My team can’t ship our software unless we determine what the cause of this error is, and I am looking for any advice on how to solve the above problems. If there is a way to write N frames from the encoder to separate video files (e.g. videos 1, 2, 3, etc…) instead of constructing and destructing the encoder that would be a great solution to all of these problems as well.

Thanks again,
Wyatt

DaneLLL · January 30, 2020, 6:14am

Hi,
We have the option in 01_video_encode:

-s <loop-count>       Stress test [Default = 1]

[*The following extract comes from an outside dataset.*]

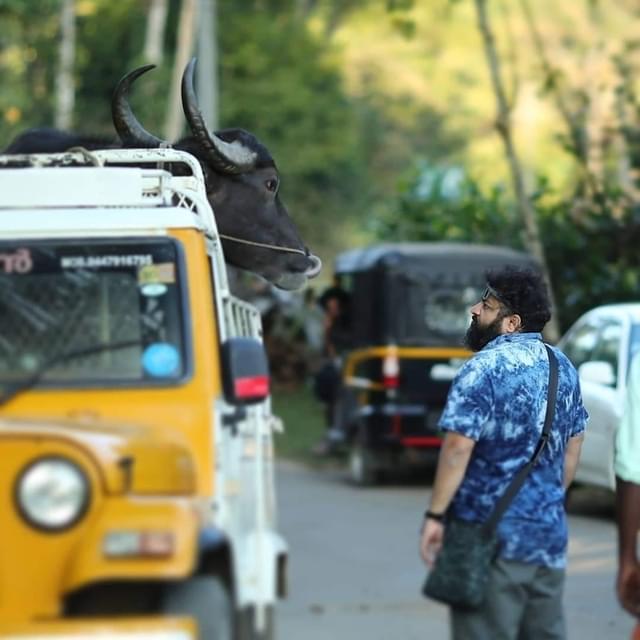 リジョー・ジョーズ・ペッリシェーリ監督と撮影用に購入した牛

Please compare with the reference sample. We have verified the looping case and it shall work fine.

wyattp6ffi · February 5, 2020, 11:44pm

If you want to process exactly N frames in a video the process is this:

Do not destruct and reconstruct the encoder. Too much can go wrong, and none of the patches have worked for me. Instead, do

Enable SpsPps at each IDR frame during setup: nv_encoder->setInsertSpsPpsAtIdrEnabled(true);
Force an IDR frame on the first frame of the new video (i.e., on frame N+1): nv_encoder->forceIDR()
Then, continue to process frames until that frame is written, this will take more than one dequeue since the encoder holds on to previous frames to encode later frames. In my case I had to process N+2 frames to get the first N to be written to disk.

If you have followed these steps correctly, you will be able to decode your videos with ffmpeg.